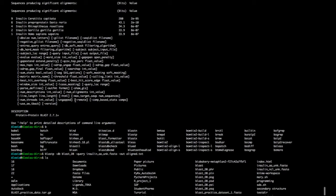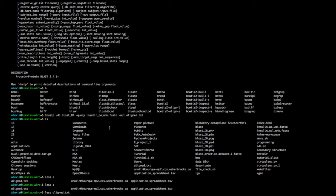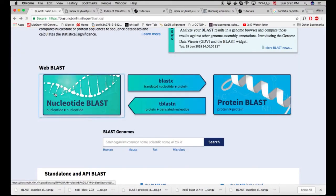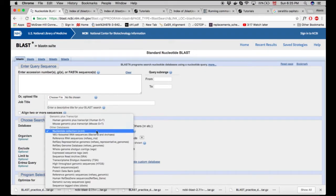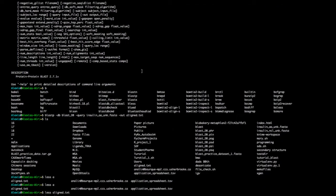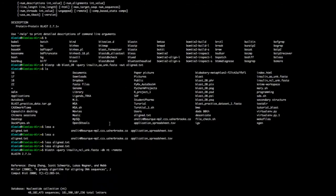The -remote flag will send the query to the servers offered by NIH. NT is one of their databases on the website — so we're actually sending our query to the website and receiving an answer back. Now it's running, and we're receiving data live as it happens. We're getting a lot of matches.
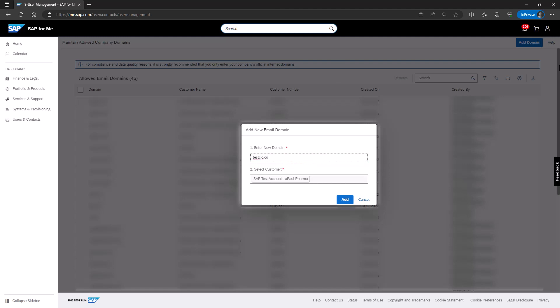Enter the domain without the at sign and select all the corresponding customer numbers from the list. You must complete all fields. Once you have provided the required information, click on Add to submit the form.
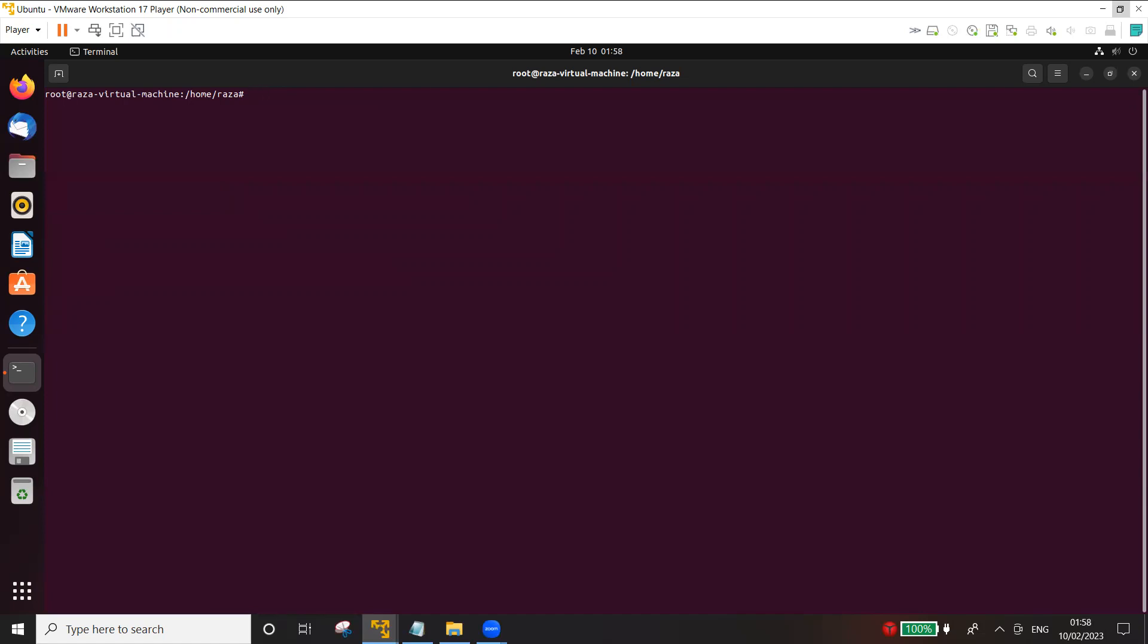Now before I start the arpwatch, I need to go ahead and create a configuration file for arpwatch which is not there. So I'm going to create arpwatch.conf. In fact, I need to create it inside the etc directory, so arpwatch.conf.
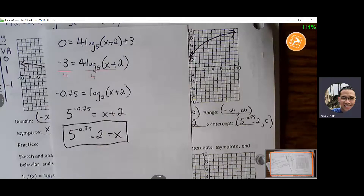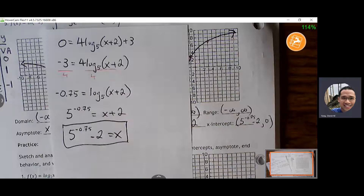I'll probably have one as messy as this on the test, but it's good practice to know how to go through this process of solving. Let's pick up tomorrow with graphing, and I think we can start our test review on Monday.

WHAT YOU NEED TO DO:
Print the data exactly, from its first line to the line containing "Enter the domain", both included. Omit the pictures.

SOLUTION BELOW:
The -remote flag will send the query to the servers offered by NIH. NT is one of their databases on the website — so we're actually sending our query to the website and receiving an answer back. Now it's running, and we're receiving data live as it happens. We're getting a lot of matches.
Enter the domain without the at sign and select all the corresponding customer numbers from the list. You must complete all fields. Once you have provided the required information, click on Add to submit the form.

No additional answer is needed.